What does it take to be the star of the Grand National or Kentucky Derby? Take a look at what we’ve discovered about race horse eating habits and what makes them top performers.

Photo Credit: Unsplash

Photo Credit: Unsplash

If you’re a fan of horse racing, no doubt you do your due diligence before you go making any bet. Maybe you’re just interested in the lives of race horses. Maybe you are thinking of investing in a race horse of your own. All these roads lead to you here, to this guide to the dietary requirements of a race horse. What is it that makes a horse get to that finish line first? What does it take to be the star of the Grand National or Kentucky Derby? Well, we have answers. Take a look at what we’ve discovered about race horse eating habits and what makes them top performers.

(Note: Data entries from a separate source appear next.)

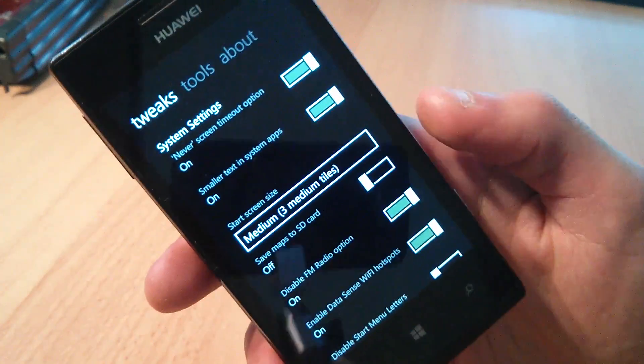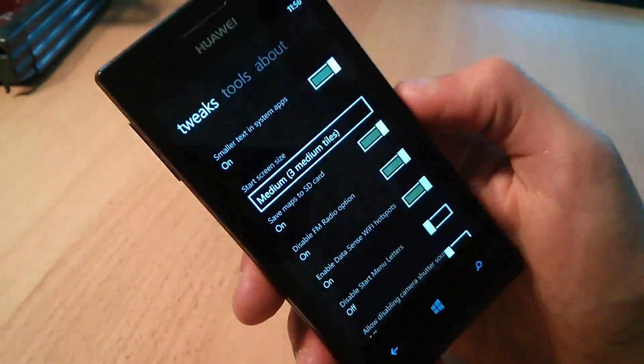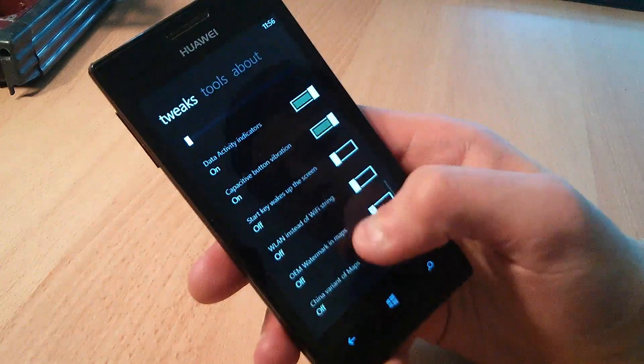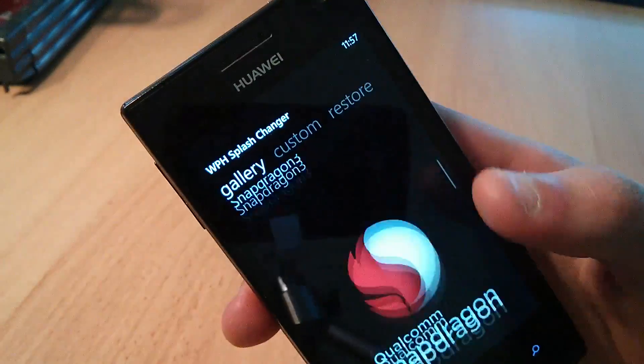With the Tweaks app by Windows Phone Hacker, you can edit several registry keys by just changing a lever. For example, you can modify the volume limit on reboot, allow saving maps to SD card, and enable data activity indicators. You can even change the boot logo if you want to.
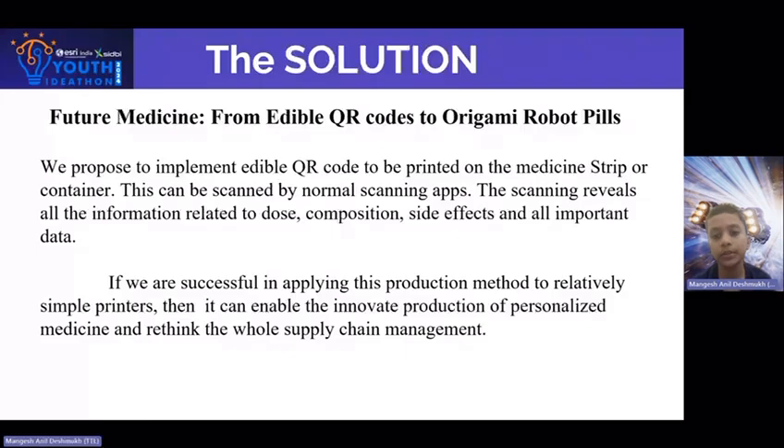The solution is: we propose to implement an edible QR code to be printed on the medicine strip or container. This can be scanned by normal scanning apps. The scanning reveals all the information related to the composition, side effects, and all important data.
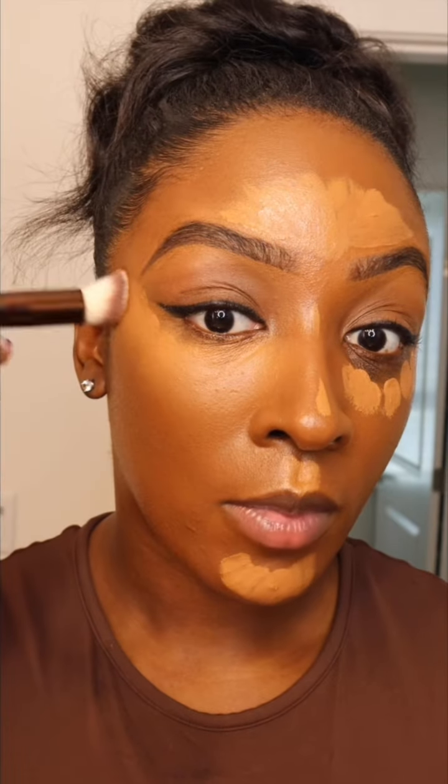For concealer, the L'Oreal Infallible Full Wear Concealer. Instantly, it covered up the dark circles under my eyes.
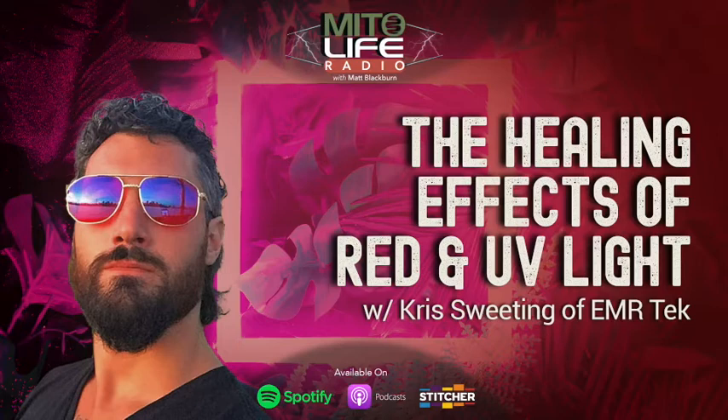You are listening to episode 98 of My2Life Radio. I'm your host Matt Blackburn, and today I'm interviewing Chris Sweeting of EMR Tech.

Why is a race horse’s diet important?
Much like the human body, a race horse body will only give out as good as you give to it. This means that a race horse needs a lot of important nutrients to perform at their best. The focus is giving the horse enough energy to compete, which means they are often fed a mix of fast and slow-release energy so that they can release it as needed in their rigorous training. If you are interested in horse race betting, you might want to look into the lifestyle of your favourite horse to be sure they’re being fed well.

So, what do they eat?
A race horse’s diet is designed to offer up a healthy mix of fat, protein, fibre and starch. Most of these nutrients come from a combination of forage and oats, including grass and hay, oats, corn, and barley.

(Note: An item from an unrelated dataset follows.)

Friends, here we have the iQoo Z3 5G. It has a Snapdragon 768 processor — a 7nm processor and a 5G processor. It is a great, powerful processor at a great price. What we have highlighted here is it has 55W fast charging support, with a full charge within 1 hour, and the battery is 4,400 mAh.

Luckily enough, your average horse naturally grazes for around 17 hours a day, eating up to 2- 3% of their own body weight in graze and hay, which is helpful for gaining the nutrients they need when they need them. However, a race horse has a much stricter diet, following a plan put forth by their owner. They also need a much higher amount of food in the same way a pro athlete would consume a lot more food that is high in relevant nutrients. They need as much as 35,000 calories a day, which is almost twice as much as a typical horse.

What does a race horse drink?
Well, that’s simple: water. But it might interest you to know just how much water a race horse will need. In fact, it’s important to know that they will need around double what an inactive horse in a cool environment might need. A race horse is likely to sweat six to eight gallons of water while training and sweating it all out, so it needs to be replenished with 20 gallons a day, whereas typical horses need as little as seven to ten gallons in a day.

It's also important to make sure that the water you are feeding your horse is clean, as horses are snooty. They’d simply rather not drink it. Make sure the supply of water to your race horse is clean to keep them drinking.

This is all obviously important for many reasons. Water is an important aspect of horse health for all the same reasons as humans: temperature regulation, metabolic processes, protecting joints and organs and bringing nutrients to cells.

What about the jockey?
Jockeys also have to keep to a strict diet that includes plenty of water, fibre, protein, and healthy fats. However, you will also find jockeys sucking on jelly sweets in between breaks in training or races thanks to the fact that they might need a sugar rush for an extra burst of energy to get through the next round of training.